There was no tree house in that tree. My dad was a steelworker and was always too exhausted to build one, never got passed nailing a wobbly line of short wood planks into the trunk up to the crux, where the one wide trunk shot off into three smaller ones, smaller but still substantial. That crux was plenty big for Marcus and me, straddling the trunks and leaning back on our elbows, wrapping ourselves around the tree like it was our nest. Neither of us were very big at the time.
Marcus pulled a slender guppy-shaped leaf off a nearby twig, ripping it with both hands into two elegant pieces like a sheet of paper. “Sal? Did you hear what I said? Sal, I’m gonna save the world! I know it now. I wasn’t sure before but now…now I know.” He placed the two halves of the leave on top of each other and ripped them again.
A piece of curling bark was jabbing into the back of my thigh. “How do you know it?”
Marcus spread his hands wide, letting what was now leaf confetti fall to the ground. “Because I saved Ms. Downer’s cat. It was coughing and hacking like crazy, and she was crying and going nuts and I went up to it and put a hand on it and it stopped coughing and just lied there for a second and then it go up and ran off like nothing had happened. It was dying and I saved it!”
My thigh was starting to go numb. I squirmed, prying at the offending bark. “That doesn’t mean anything, Marcus. Maybe it was just having a fit. It might have been fine anyway.”
Marcus furrowed his brow at me. His eyes darkened beyond their normal brown, almost to black. The bark under my thigh snaps.
Marcus pulled another leaf from the tree, this time using his fingernail as a scalpel. “I saved that cat. I don’t know how I did it, but I saved it. And when I grow up, I’m going to learn how to use it.” He presents his latest creation, a leaf stripped of all its leafiness but with it’s stem and vein system completely intact, a small flimsy skeleton.
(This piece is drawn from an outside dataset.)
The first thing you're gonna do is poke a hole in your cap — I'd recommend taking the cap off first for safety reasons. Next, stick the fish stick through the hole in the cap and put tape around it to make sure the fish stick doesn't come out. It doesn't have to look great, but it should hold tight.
The bark splintered, and now I can feel the shard that is left digging not just jabbing but digging into my thigh, possibly enough to draw blood. “Let’s go inside,” I said. I didn’t wait for his answer—as soon as my foot found a wobbly wooden step, I started to descend that tree. I was halfway down before I heard the rustling of Marcus finding his own footing.
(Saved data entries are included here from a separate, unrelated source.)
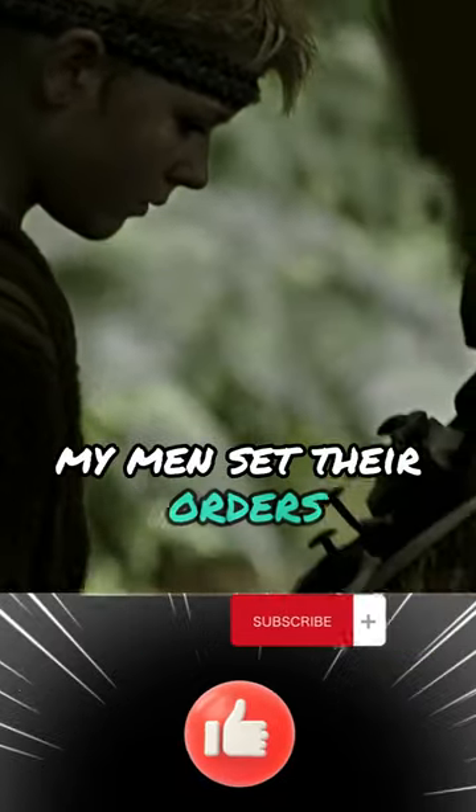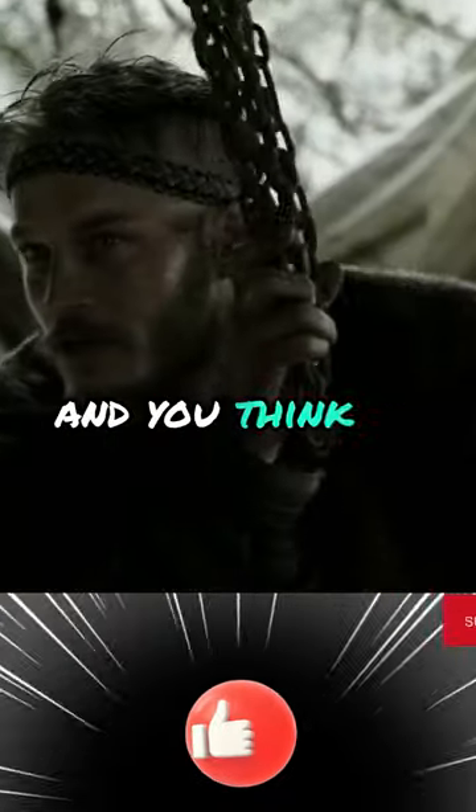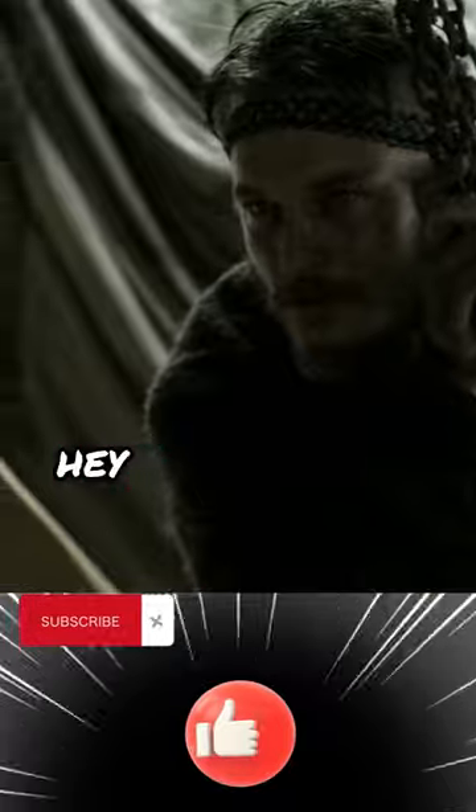How will my men set their oars? I will cut them into the shear strings. The ports can be closed when the boat is at sea. Do you think it could handle long sea voyages? That's why I'm building it.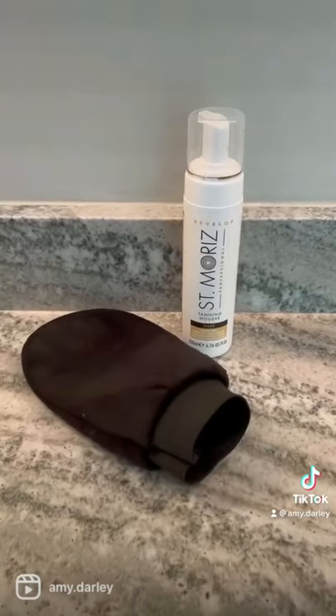I would say this is definitely a Loving Tan dupe for so much cheaper. I'll link this and the tanning mitt in my bio.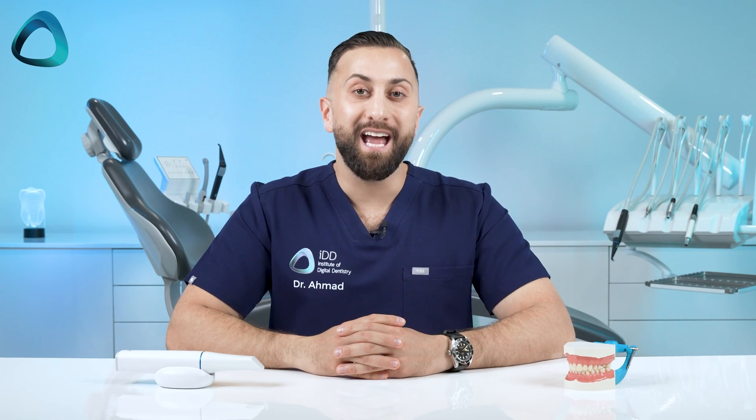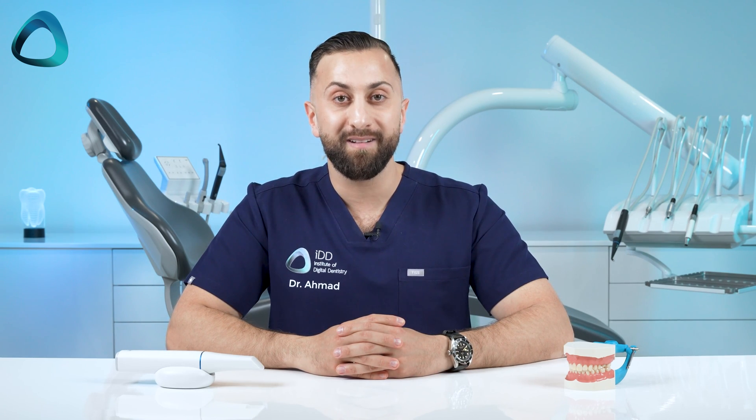And that covers some of the latest hardware features of the new Medit i900. An exciting day as we welcome this new Medit scanner to the world of digital dentistry.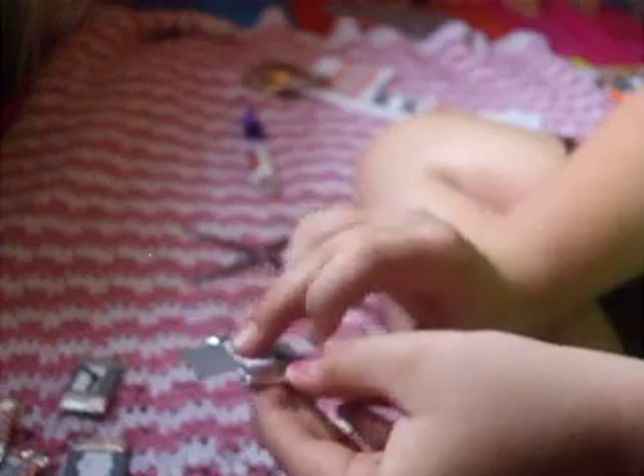Then you're going to take your little candy bar, put it down, and fold over the edges. Now they can be different sizes — that's what I was doing. Just press it down and there's your little candy bar.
My dad had left frozen pizza for dinner. We ate that in front of the TV, did our math homework, and then Marcus went home. I didn’t think about what he’d told me about the magic again…not until a few days later, when the news came that Mrs. Downer’s cat, apparently suffering from a sudden onset of uncontrollable hysteria, had run itself straight into the front wheel of a garbage truck.